Vincent Foster’s sister: Trump’s comments are ‘beyond contempt’

Donald Trump speaks at the Williston Basin Petroleum Conference, in Bismarck, N.D. (Photo: Charles Rex Arbogast/Associated Press)
Donald Trump speaks at the Williston Basin Petroleum Conference, in Bismarck, N.D. (Photo: Charles Rex Arbogast/Associated Press)

Sheila Foster Anthony, sister of former Clinton White House aide Vincent Foster, took to the Washington Post opinion page Thursday to admonish Donald Trump for his recent comments about her brother’s death.

Earlier this week, the same paper published an interview with Trump in which the presumptive Republican presidential nominee was quoted drudging up a decades-old conspiracy theory about Foster’s 1993 suicide.
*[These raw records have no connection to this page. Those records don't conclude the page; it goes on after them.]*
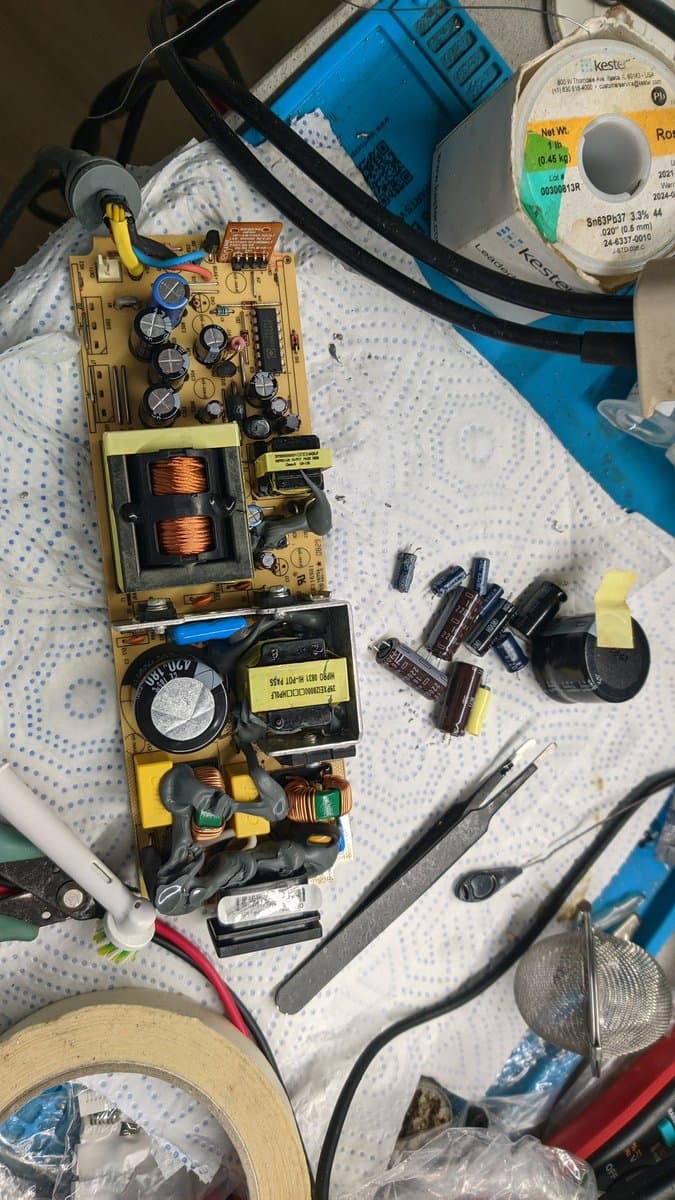 Disassembled Xbox 360 S PSU showing capacitors, transformers, and solder joints during recap and reflow repair work with tools nearby.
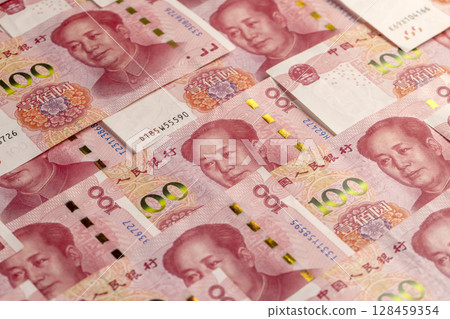 Chinese money of one hundred yuan , the obverse of genuine Chinese yuan money stacked on top of each other, close up 128459354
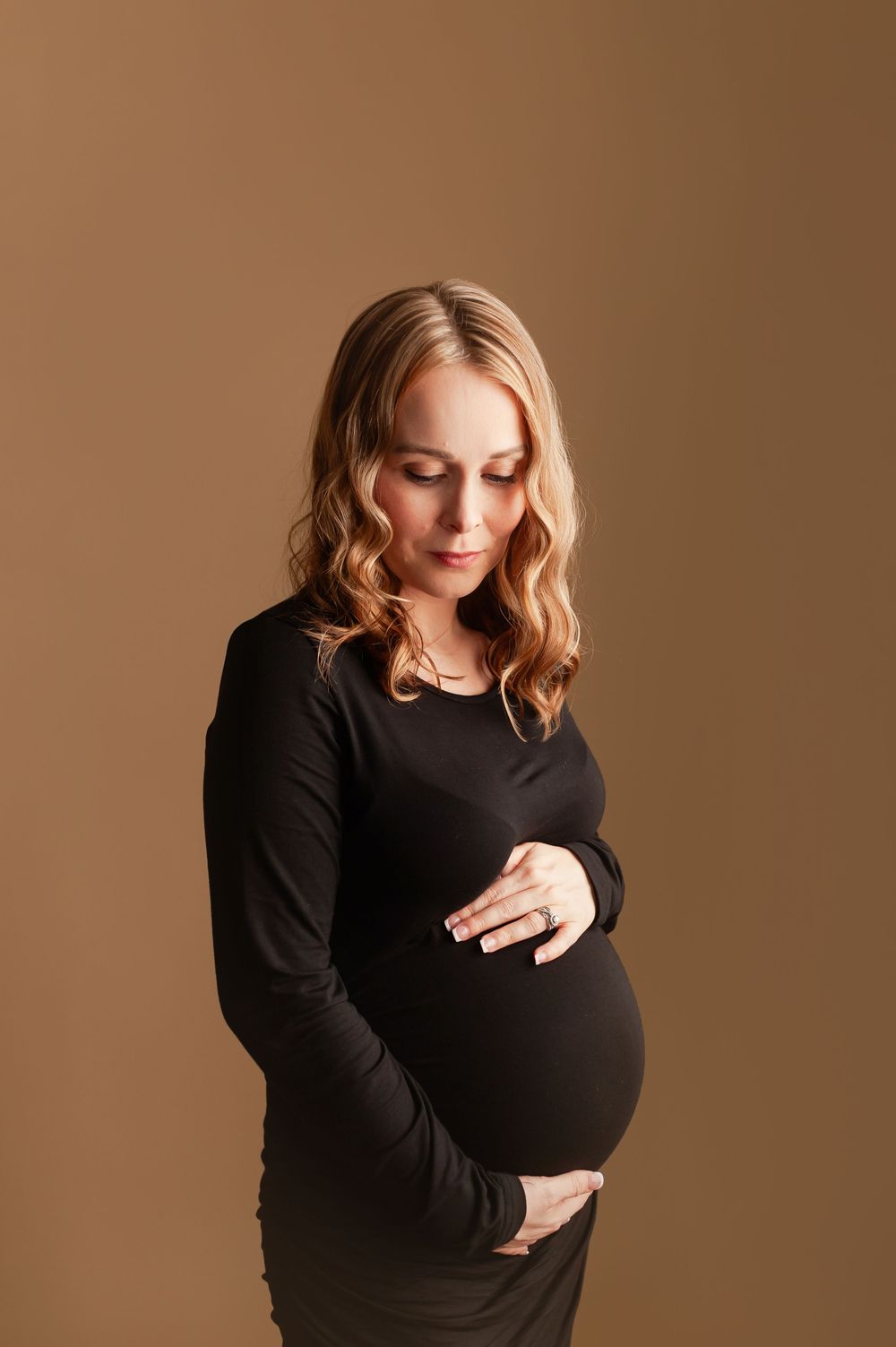 Pregnant woman in a black long-sleeve dress cradling her baby bump against a warm tan studio background.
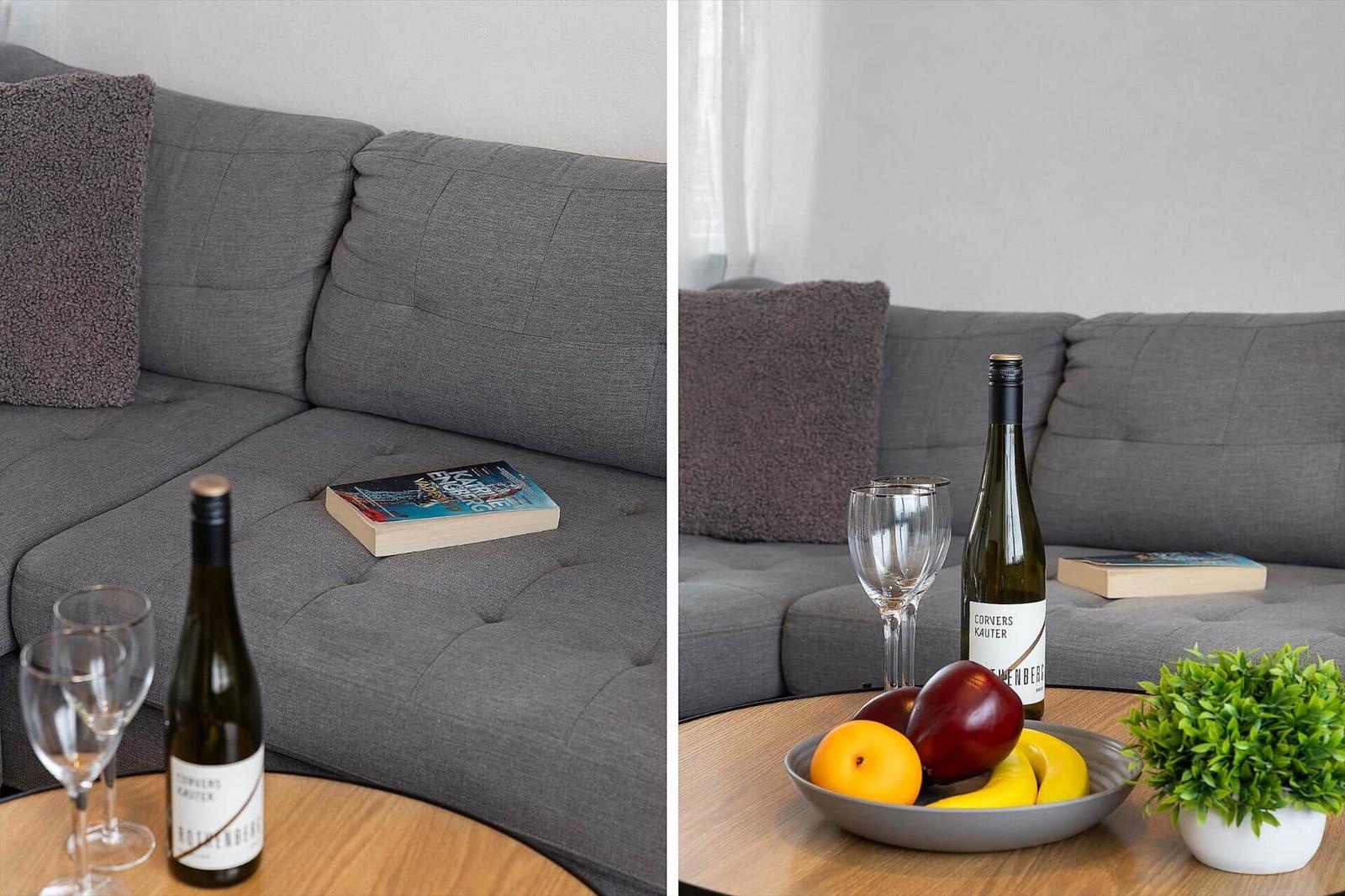 Gray sofa with cushions, table with wine, fruit, and plant.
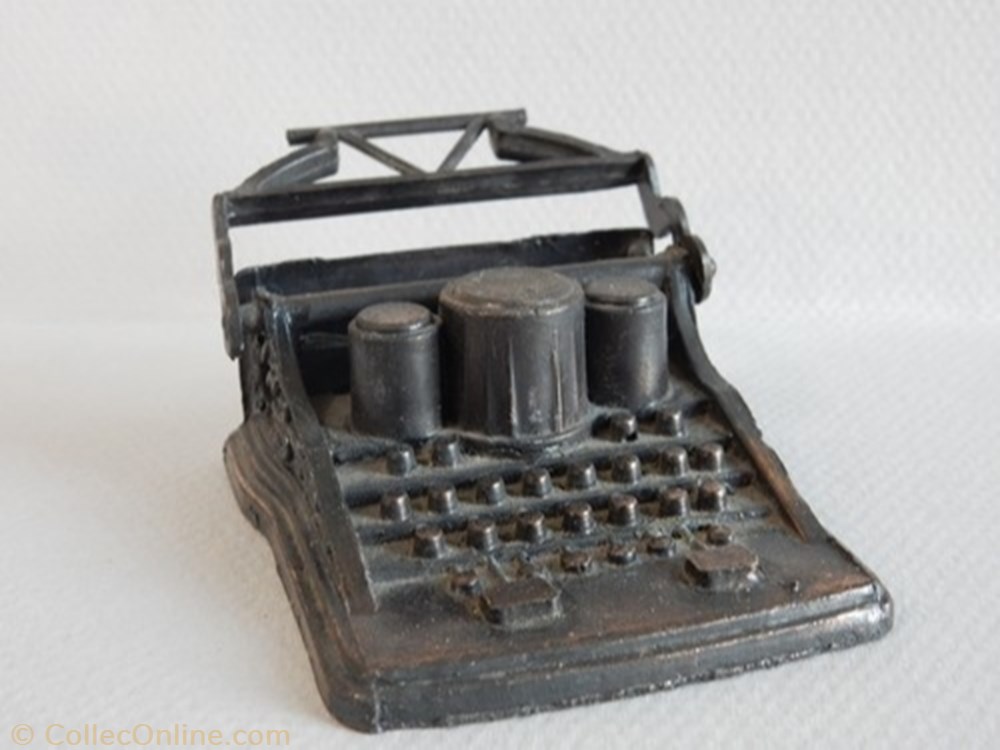 Machine a ecrire figurine autre machine a ecrire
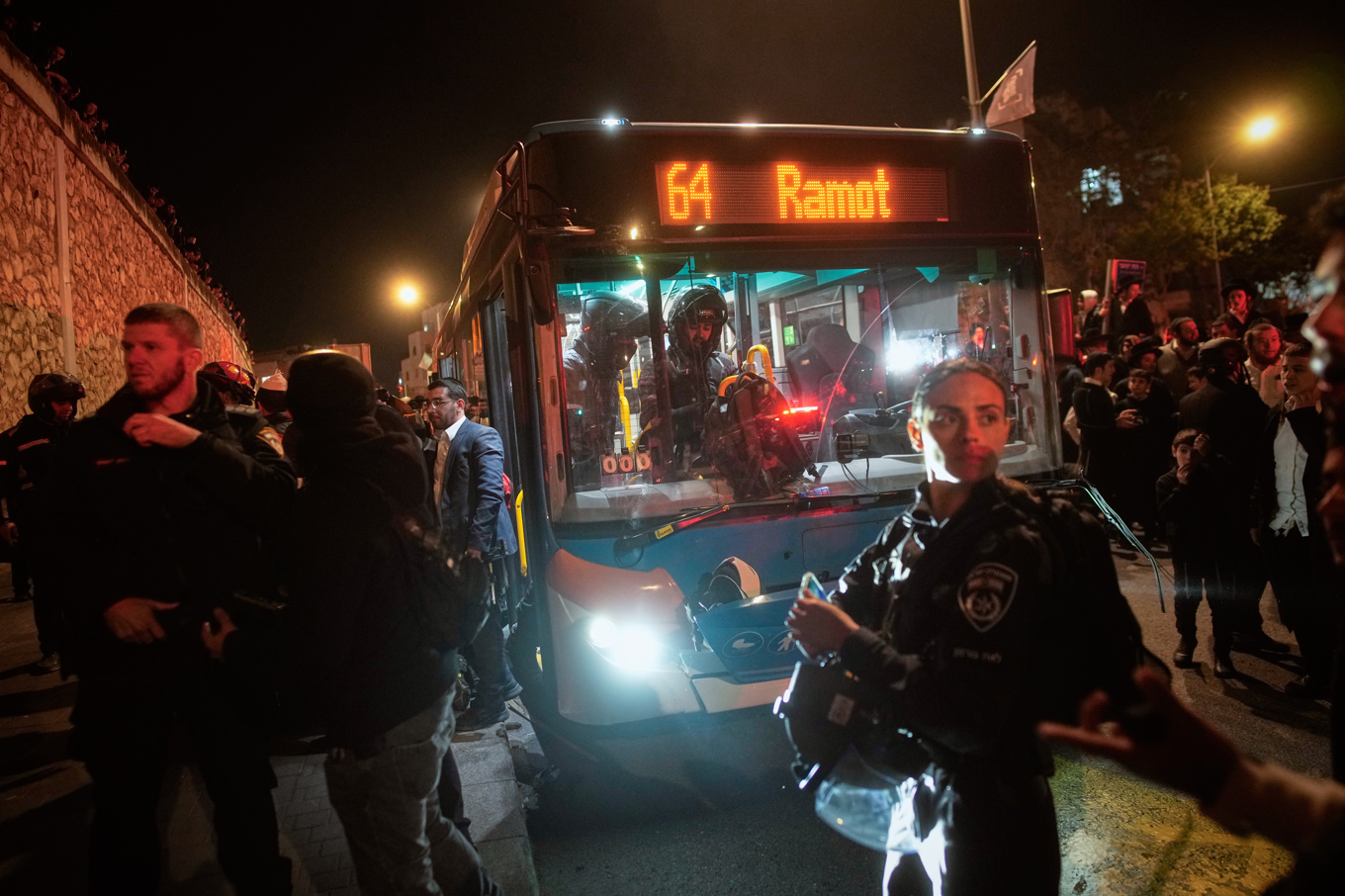Israelisk polis undersöker en buss som kört på demonstranter i Jerusalem. Foto: Ohad Zwigenberg/AP/TT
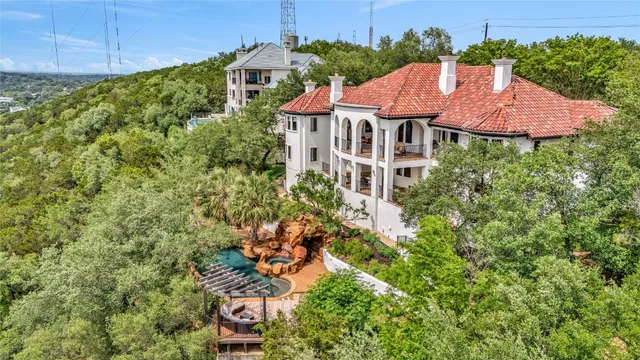 an aerial view of residential houses with outdoor space and trees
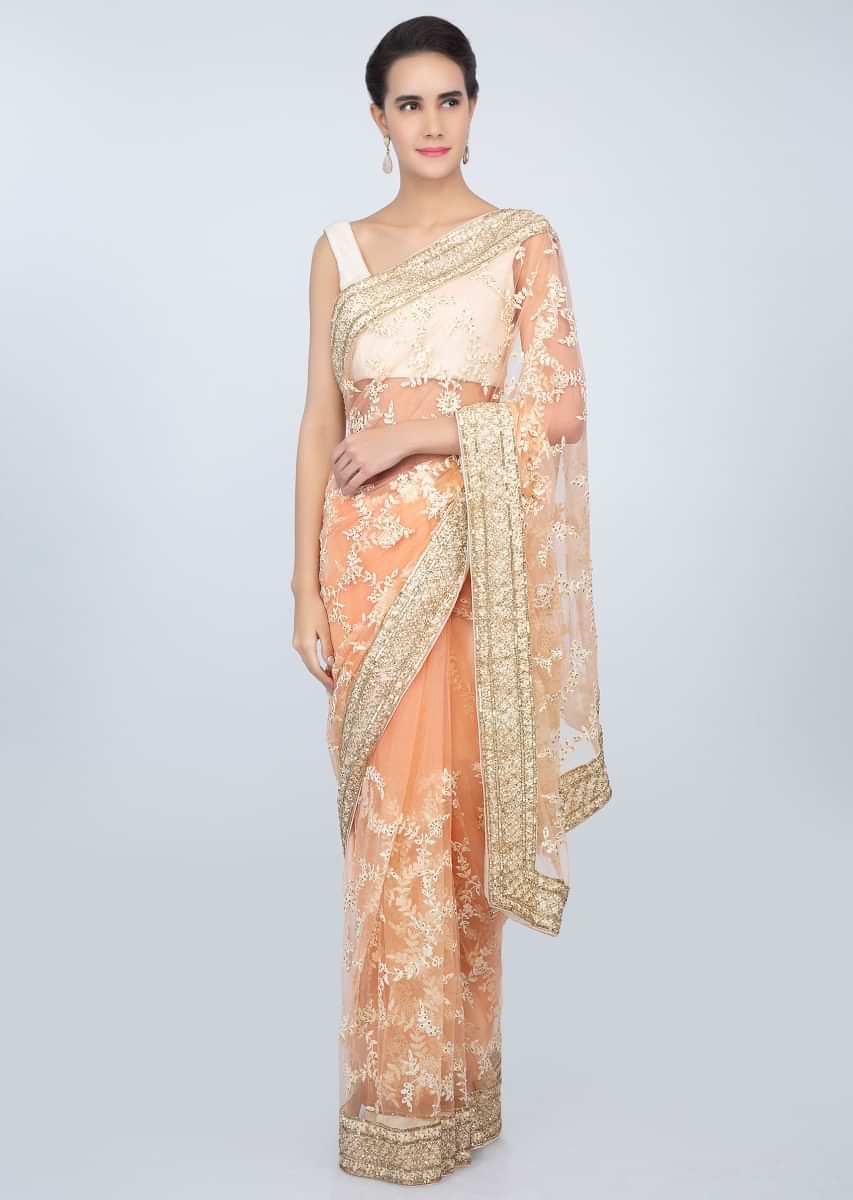 Creamish Peach Saree In Sheer Net With White Thread Embroidered Jaal Work Online - Kalki Fashion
“There are people who continue to bring it up because they think it was absolutely a murder,” Trump told the Post, noting that Foster “knew everything that was going on, and then all of a sudden he committed suicide.”

The details of Foster’s death, Trump offered, were “very fishy.”

“It is beyond contempt that a politician would use a family tragedy to further his candidacy,” wrote Anthony, who previously served on the Federal Trade Commission.

Of Trump’s suggestion that her brother may have been murdered and that the Clintons could have in some way been involved, Anthony wrote, “How wrong. How irresponsible. How cruel.”

Anthony and her family have weathered these kinds of “outrageous suggestions” for more than two decades, but Thursday’s op-ed was the first time she’s addressed the issue publicly. She said the decision to speak out was prompted by the Post’s request for response and insisted that, while she has donated to Hillary Clinton’s presidential campaign, her decision was not influenced by anyone inside the Clinton camp.

“For Trump to raise these theories again for political advantage is wrong,” she wrote. “I cannot let such craven behavior pass without a response.”

The truth is, Anthony wrote, Vincent suffered from depression and, a few days before his death, he’d called his older sister seeking help.

“He was worried that such an admission would adversely affect his top-level security clearance and prevent him from doing his job,” Anthony wrote, so she set out to find her brother a psychiatrist who could be discrete and provided him with a list of three names that was later discovered in his wallet after his death.

“I did not see a suicide coming, yet when I was told that Vince was dead I knew that he had killed himself,” she wrote. “Never for a minute have I doubted that was what happened.”

At a press conference Thursday afternoon, Trump backed off the conspiracy theory, telling reporters, “I really know nothing about the Vince Foster situation. I haven’t known anything about it.”

“Somebody asked me the question the other day and I said that a lot of people are skeptical as to what happened and how he died,” he said, adding, “I don’t think it’s something that should really be part of the campaign.”